Omonigho Temile

Personal information
- Date of birth: 16 July 1984 (age 41)
- Place of birth: Delta, Nigeria
- Height: 1.78 m (5 ft 10 in)
- Position: Winger

Youth career
- Delta United

Senior career*
- Years: Team / Apps / (Gls)
- 2002: Cherno More Varna / 31 / (3)
- 2003–2004: Levski Sofia / 32 / (7)
- 2004–2006: Krylia Sovetov Samara / 24 / (0)
- 2008–2009: Botev Plovdiv / 11 / (1)
- 2009–2010: Warri Wolves
- 2010–2011: Valletta / 21 / (1)
- Total:  / 119 / (12)

International career
- 2001: Nigeria U17 / 6 / (2)

= Omonigho Temile =

Nigerian footballer

Omonigho Temile (16 July 1984) is a Nigerian former professional footballer who played as a winger.

==Club career==
Born in Lagos, Nigeria, Temile began his playing career at Nigerian football club Delta United from Warri.

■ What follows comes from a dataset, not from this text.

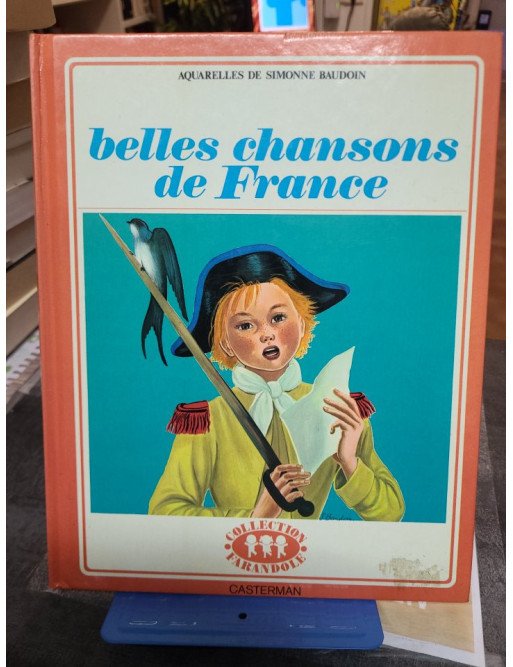 Belles chansons de France – Simonne Baudoin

He started his professional career playing for Bulgarian side Cherno More in 2002. He signed for Levski Sofia in February 2003, teaming up with fellow Nigerians Garba Lawal and Justice Christopher. He made his debut on 28 February, against Marek. He was a runner-up for the Best Young Player award of 2003–04 season. Temile scored once for Levski in UEFA Cup.

In 2004, Temile went for trials with Ukrainian club Dynamo Kyiv in the summer, but eventually joined Russian Premier League side Krylia Sovetov Samara. He signed a four-and-a-half-year contract. He joined Warri Wolves in 2009 and signed in August 2010 for Maltese club side Valletta.

==International career==
Temile was a member of Nigeria's U-17 squad that finished second in the 2001 FIFA U-17 World Championship held in Trinidad and Tobago. He started all six games, and scored twice from his midfield position.
Temile scored the last goal against Japan on a penalty kick in the 91st minute, in which Nigeria won 4–0. He was also on target in the 5–1 defeat of Australia in the quarter final. Nigeria eventually lost the final against France.

==Personal life==
Temile is the nephew of Clement Temile, cousin of Toto Tamuz, elder brother of Frank Temile.